C'è un figlio, Kit, che non è il clone del genitore: è un ragazzo molto giovane, spaventato dagli eventi e dall'assenza del padre ma che non fugge le sue responsabilità e si carica sulle spalle il compito improbo di salvare la riserva Navajo dalle mire degli avversari di Tex fin quando il padre non potrà tornare; un ragazzo che dimostra la sua età ma sa comportarsi come un adulto. Accanto a lui e a Tex c'è come sempre Tiger compagno d'avventura e protettore del primo e fratello in spirito dell'altro; mai come in questa storia l'alterità e la piena appartenenza di Tiger al quartetto mostrano la trasversalità dell'universo narrativo di Tex, il valore incondizionato dell'amicizia tra coloro che hanno in comune il sentimento profondo del giusto e il cemento della lealtà assoluta alla base di quell'amicizia.

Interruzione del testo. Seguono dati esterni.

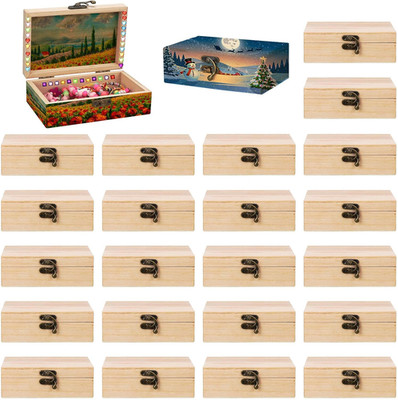 24 Pack Unfinished Wood Box with Hinged Lid, 6 X 4 X 2 Inch Storage Small Wooden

Per quanto riguarda Carson, qui in tutta semplicità Bonelli spiega chi e cosa sia Kit Carson: un uomo di mondo scaltro e duro, pronto a dare la vita per un amico, capace di smuovere le montagne per questo e di raggiungere il suo obiettivo. Un uomo che a buon diritto Tex può definire come un suo maestro, ben diverso dal ritratto del satiro ghiottone a cui è spesso ridotto, che può andar bene per una battuta una tantum ma certamente non per caratterizzare un personaggio d'azione di cui in questa storia GLB fornisce forse la lettura più completa, ma non certamente la sola ricca di sottigliezze e sfumature: il Carson che si destreggia a Vicksburg tra Clem, Pelton e Murdock; il Carson che ottiene la confessione di Fred Redwood; il Carson che si presenta a Myra quatto quatto - scene che restano tra le più belle di sempre del personaggio per quel misto di brio, decisione, implacabilità e nonchalance sorniona con cui lo fa agire il suo autore.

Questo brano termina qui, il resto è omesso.